Third, Taiwan’s counterparty in cross-Strait relations adopted positions of relative restraint and moderation toward presidential candidate and President-elect Tsai’s approach to cross-Strait issues (something Tsai herself noted publicly). Despite some long-running grumblings that Tsai was a true-believer in Taiwan independence who would be worse than the merely opportunistic former President Chen (whose “pro-independence” moves had drawn Beijing’s ire and triggered recurring crises in Taiwan-Mainland relations), or that Tsai was irredeemably tainted by her role in former President Lee Teng-hui’s “splittist” “two-states thesis” (as Beijing called Lee’s famous July 1999 characterization of the nature of cross-Strait relations), Beijing’s official stance toward the 2016 Taiwan election—and its outcome—generally followed the pattern of 2008 and 2012. That is, China left no doubt that it favored the KMT, but it did not rule out dealing with a DPP-led government that was willing to eschew positions on cross-Strait issues that Beijing deemed unacceptable. Beijing’s post-election view, as expressed in commentary by the official Xinhua News Agency, expressed hope and expectation that cross-Strait relations could and would proceed on their prior course and eschewed alarm over the DPP’s victory.
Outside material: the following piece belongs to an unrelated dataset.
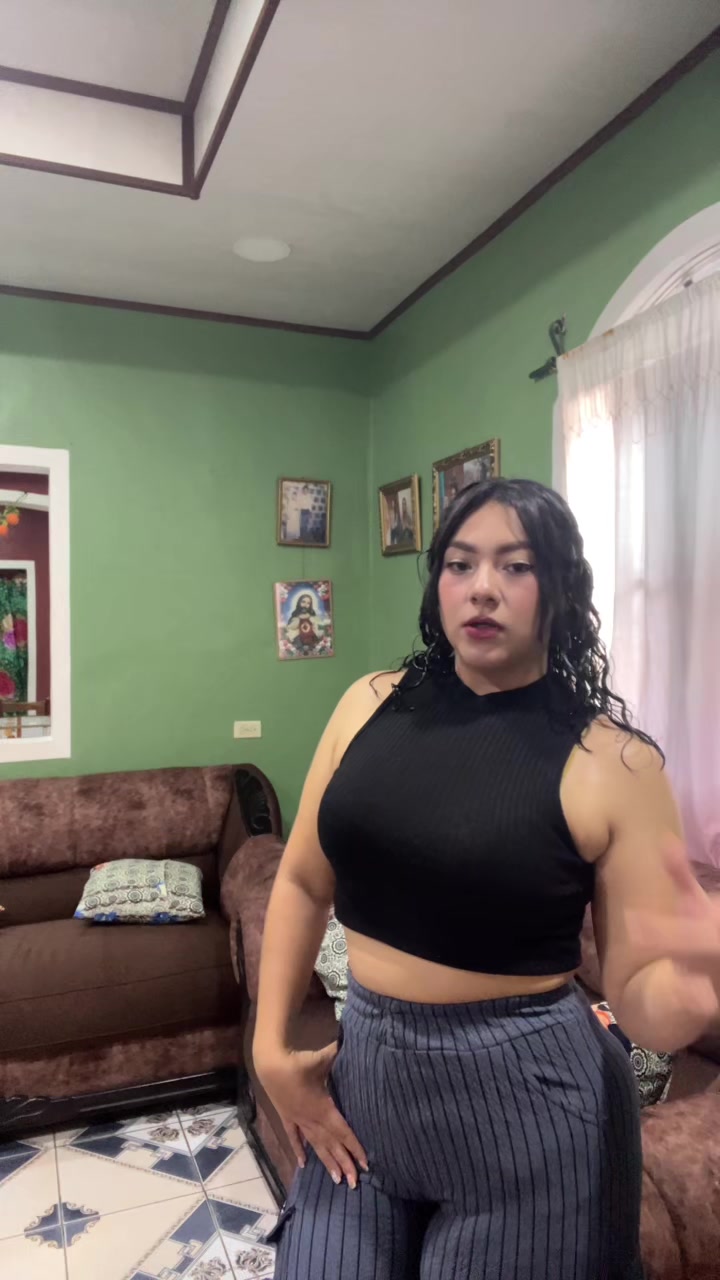@ERIKA🐈👑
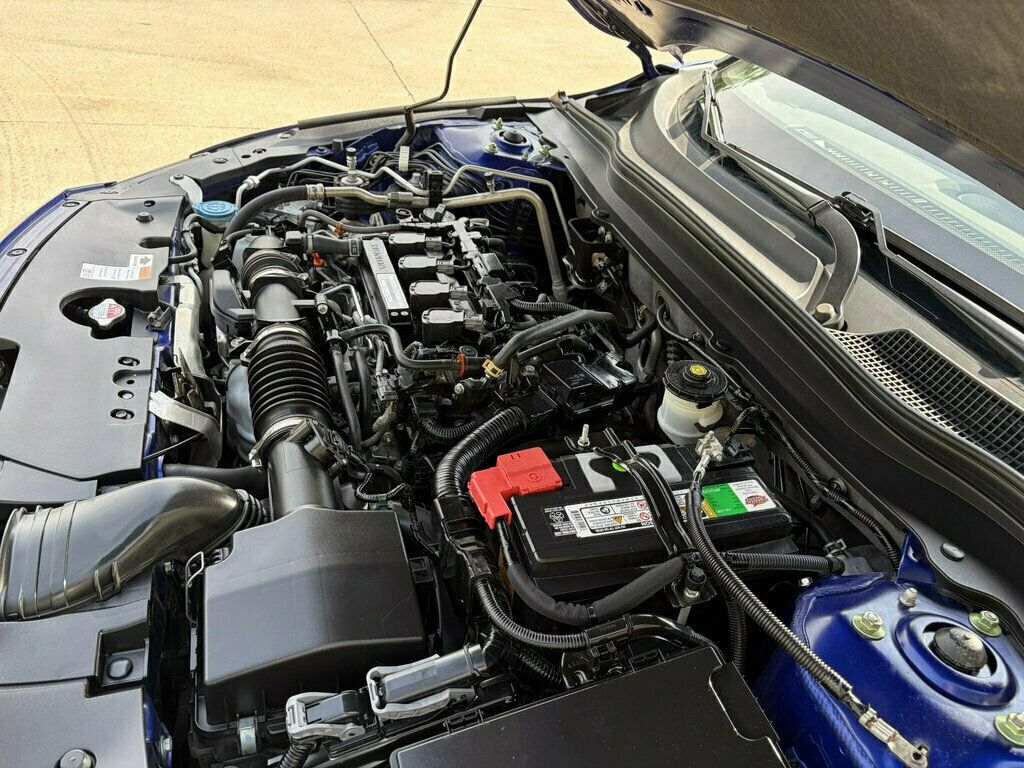 2018 Honda Accord Sedan Sport 2.0T Automatic - 23066291 - 36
Domestic Politics, U.S. Relations and Beijing (2): Underlying Weaknesses and Challenges

Yet, on each of these fronts, Tsai and her government may be in a weaker position than these evident strengths suggest. First, insulation from political pressure at home may prove fragile. Although the incoming DPP government has tried hard to manage expectations, slow progress on economic issues could quickly become a problem. If Beijing is dissatisfied with what Tsai appears ready to offer on the terms of cross-Strait engagement, it may choose to turn up the pressure in the relatively near term, perhaps through relatively small but symbolically weighty blows to Taiwan’s international space. For example, China might allow one of Taiwan’s remaining diplomatic partners to switch recognition and formal relations to the PRC. Or Beijing might block Taiwan’s invitation to participate at the World Health Assembly annual meeting in May 2016 (breaking a pattern that has been in place since 2008). Or the PRC might suspend the meetings between the quasi-official bodies—Taiwan’s Straits Exchange Foundation and the Mainland’s Association for Relations Across the Taiwan Strait—that were recommenced in 2008 and that have been instrumental to rapprochement during the Ma years, and stall progress toward deeper government-to-government engagement or the establishment of quasi-consular offices on both sides of the Strait.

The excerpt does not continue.